Die USA hatten sich auf ein besonders bewegtes Jahr eingestellt - und auf ein großes Thema: die Präsidentenwahl im November. Das Jahr ist ohne Zweifel bewegt, doch das Thema ist nun ein anderes. Die Corona-Pandemie setzt der Welt zu, den USA und ihrem Präsidenten im Besonderen. Das Wahljahr ist komplett aus den Angeln gehoben. Und das Coronovirus könnte Donald Trump politisch gefährlich werden.
Verschobene Vorwahlen
Im März und April hätten diverse Vorwahlen angestanden.

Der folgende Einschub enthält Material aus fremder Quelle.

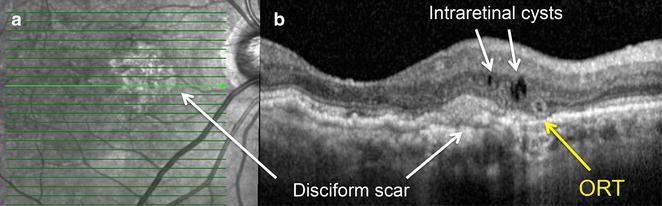 Fig. 4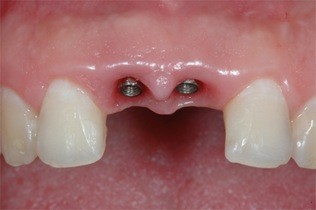 Clínica de implante dentário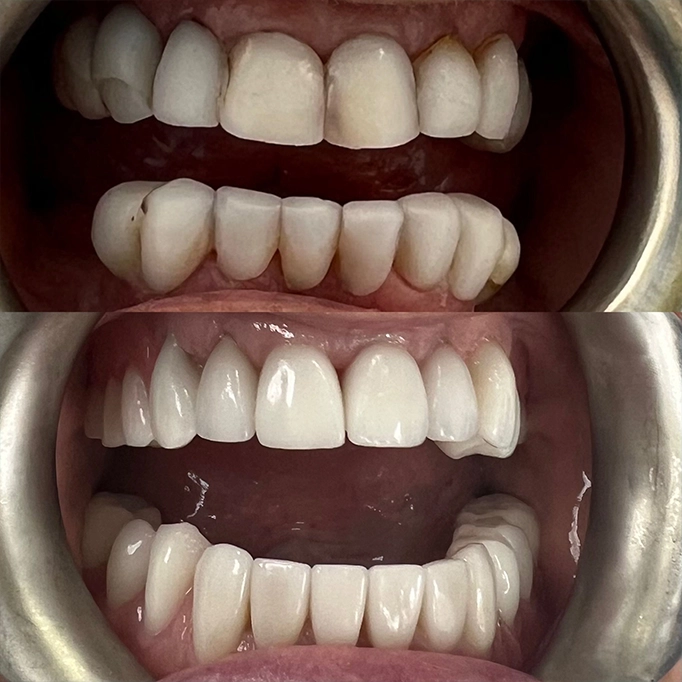 emergency tooth extraction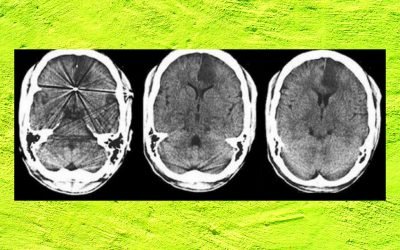 Young Doctor with Recurrent Stroke: A Diagnostic and Therapeutic Dilemma.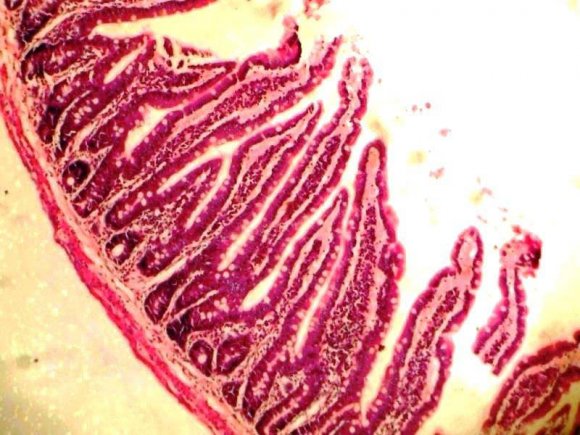 Normal control showed a mucosa layer with few intestinal goblet cells lined by epithelial cells and intact submucosa and smooth muscle layers. (H&E. X100). Administration of 100mg/kg/28days showed a mucosa layer with considerably increased intestinal goblet cells lined by epithelial cell and well-preserved submucosa and smooth muscle layers. (H&E. X100).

Doch wegen der Ausbreitung des Coronavirus haben mindestens elf Bundesstaaten ihre Vorwahlen bereits verschoben: Connecticut, Delaware, Georgia, Indiana, Kentucky, Louisiana, Maryland, Ohio, Pennsylvania, Rhode Island und New York. Andere Bundesstaaten haben ihre Briefwahlfristen verlängert - auch das verzögert den Prozess. Mehrere Vorwahlen sind nach jetzigem Stand auf den 2. Juni verlegt. Wenn es dabei bleibt, wäre jener Juni-Dienstag noch mal eine Art kleiner "Super Tuesday".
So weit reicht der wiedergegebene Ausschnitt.